Without sharing any of my food. When it began to look as if the
flight would be delayed so late it would need to be canceled and
rescheduled for the next morning, I never once considered going
back home and was trying to calculate if I could afford the cost of
a hotel room at the airport. In my home town.
I refused to look at magazines on
parenting or family issues, doggedly selecting slick high-fashion
glossies that have absolutely no real-life application for me.
There was no dog-earing of pages with Toddler Tips or Fast Recipes,
but boy did I enjoy it. It was as if I wanted to go into this
parallel universe where I am the same me, but just don’t have
kids. Or maybe not even that – just wanted to recover a piece
of the Me Before Kids. Shed of the diaper bag and four identical
sets of snacks and extra band-aids and hand sanitizer and emergency
books to read and extra underpants, I truly felt ten pounds lighter
and immeasurably cooler.
It’s not as if I was trying to avoid children all weekend;
after all, my girlfriend’s got a four-year-old and a
four-week-old, and I was going to help out. I knew there’d be
burp cloths and yellow seedy stools and playing with Thomas trains
and mini-meltdowns. But it’s different when it’s not
your kids, and I know you know what I’m talking about.
As I was boarding my flight on Friday, I saw a woman in line ahead
of me with a newborn carseat/toddler seat stroller. She had a
relatively new baby and a four-year-old, a diaper bag, purse,
toddler overnight bag, and activity bag – and she was by
herself. My heart ached, so I stepped up and offered to help her
get on and off the plane, learning she was sitting right behind me.
I walked with her, helped her collapse the stroller and carry the
gear, and chatted with the older girl while the mom dealt with the
baby. I kept the girl safe while the mom got the seats settled, and
charmed her out of the crabbiness that comes with trying to get on
a plane at 11 p.m. when you’re four years old. I wrangled a
blanket for the four-year-old, which made the mom burst into tears.

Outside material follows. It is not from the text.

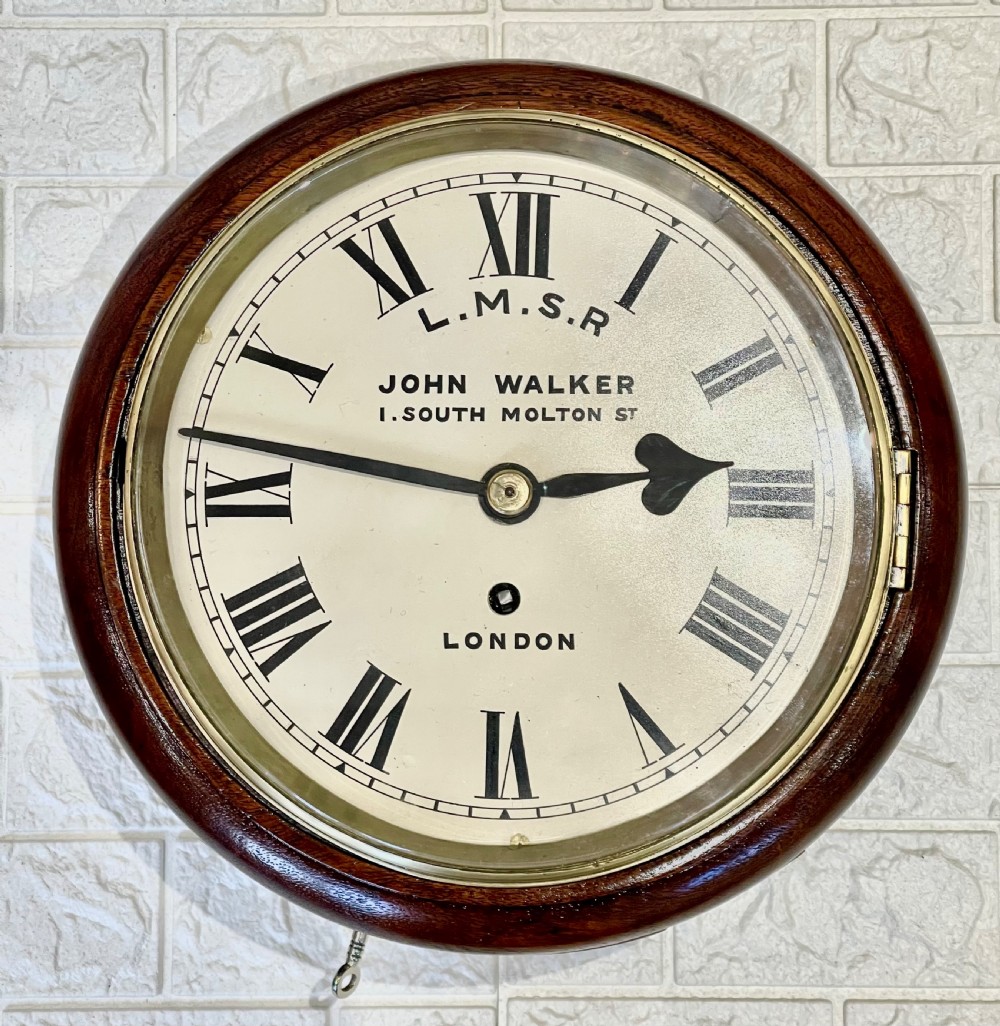An antique circular mahogany wall clock with a brass-hinged glass bezel, white dial featuring Roman numerals, and black markings reading LMSR John Walker London. View IV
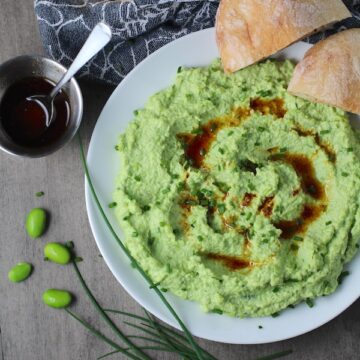 Edamame Dip with Gorgonzola and Harissa Oil drizzled on top on a plate with bread. It's creamy, savory, nutty, and utterly delicious!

I totally understood where she was coming from, and how hard it was
by herself.
But then here’s the important part: I turned around in my
seat for take-off and slept the entire flight. There’s just
something different when it’s dealing with someone
else’s kids, not the least of which is the ability to walk
away.
And speaking of sleep, that was hands down the best part of the
trip. (Sorry, Renee, the baby’s cute too.) In spite of the
fact that I didn’t get to bed until after 1 a.m. Friday
night, I slept straight through until 8:15 Saturday morning. No
crying, no rocking, not even any crackling static hiss from the
monitors. That seven hours was the best sleep I’ve had in,
oh, four years. It was better than chocolate, and that’s
saying a lot. And the next night I knew how good it would be, and
hunkered down and enjoyed it even more thoroughly.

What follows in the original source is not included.